Commodities: Crude extends gains as EIA confirms US stores drop

By

Sharecast News | 21 Jun, 2017

Crude-oil futures got a mild shove on a sun-soaked Wednesday afternoon in London as fresh official data showed a draw in US stores of the black liquid last week.

The just-issued Energy Information Administration numbers showed a 2.5m barrel draw in US stores, after industry American Petroleum Institute figures last night showed a 2.7m drop.

At 15:40 BST, Nymex-priced West Texas Intermediate crude was up 0.6% to $43.77 a barrel. Intercontinental Exchange-traded Brent added 0.3% to $46.16 a barrel.

The prices of both grades of crude had risen immediately after the EIA data was published.

"Within a few minutes of the announcement, oil started to give back some of the gains it made because of the spike higher," observed David Madden, market analyst at CMC Markets UK.

"Concerns about over-supply will hang over the oil market, and the dwindling demand from Asia is playing on traders’ minds too," he added.

"Earlier today, Iran said OPEC should consider a deeper cut to the reduction in production, but as we have seen, they do not always work."

The EIA data followed yesterday's price tank by the black liquid as traders sold on renewed fears of oversupply.

Their concerns were stoked by burgeoning output from Libya and Nigeria and also US shale pumping concerns, accompanied by another rise in US rig counts over the previous weekend.

Oil remains in the grips of a chronic supply glut, and market insiders are highly reactive to US stores data and Opec's output pledge.

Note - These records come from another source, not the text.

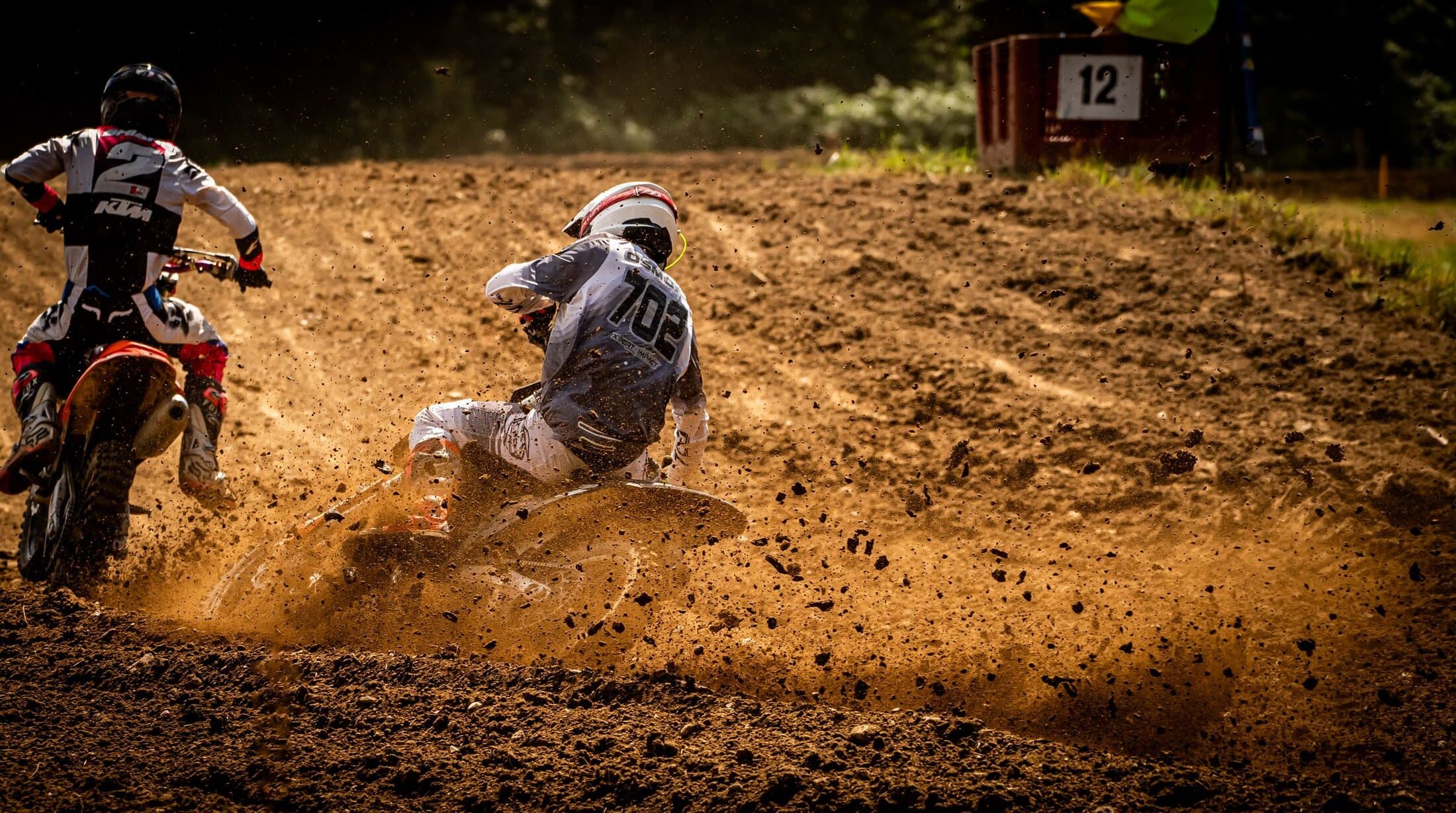 A rider throwing roost out of a rutted corner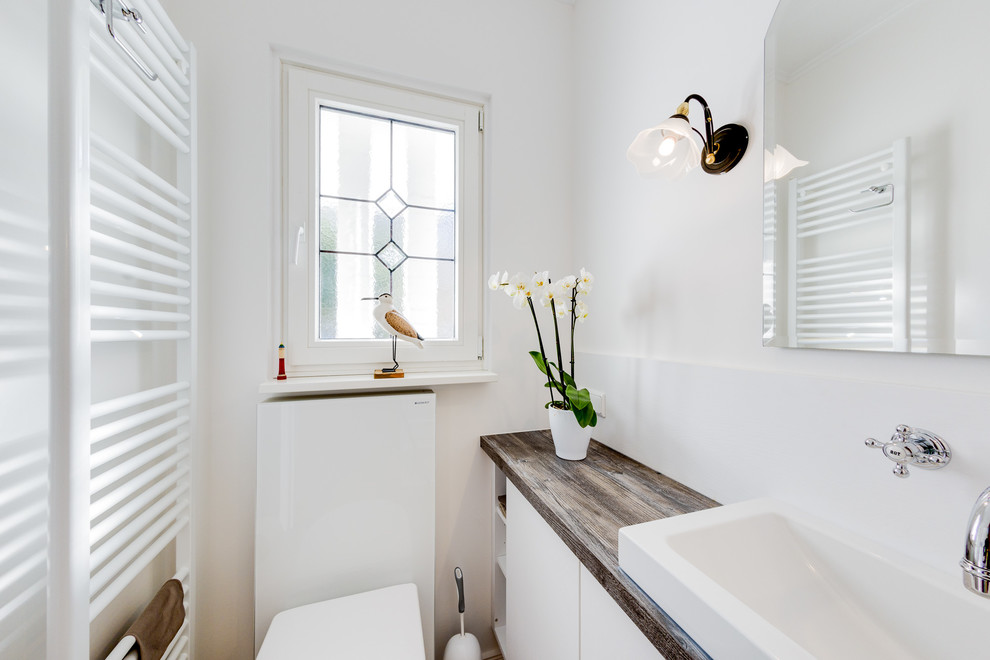 Photo of a small beach style cloakroom in Hamburg with flat-panel cabinets, white cabinets, a wall mounted toilet, white tiles, mirror tiles, white walls, ceramic flooring, a vessel sink, beige floors, wooden worktops and brown worktops.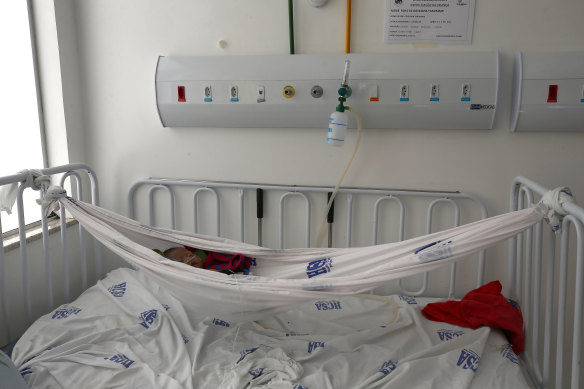 A Yanomami baby lies in a hammock  in a children’s hospital in Roraima, Brazil, on Thursday. The government declared a public health emergency for the Yanomami people in the Amazon, who are suffering from malnutrition and diseases such as malaria as a consequence of illegal mining.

The latter's curb extension into 2018 been seen as insufficient.

"The oil rally still refuses to materialise, despite this afternoon’s bigger than expected draw in crude stockpiles and a surprising fall in gasoline inventories," said IG chief market analyst Chris Beauchamp.

"Nonetheless, bulls have been defending the $43 area stubbornly for the past 24 hours, hoping that they can build a base around this point and capitalise on overly bearish positioning among investors," said Beauchamp.

Turning to metals, on Comex, gold up 0.12% to $1245.0 an ounce. Silver fell 0.32% to $16.37 an ounce. Copper was 1.28% ahead at 260.5 cents a pound.

On London Metals Exchange, three-month industrial metals were mostly down. Copper fell 1.17%, tin shed 0.23% and zinc lost 0.04%. Aluminum was about even.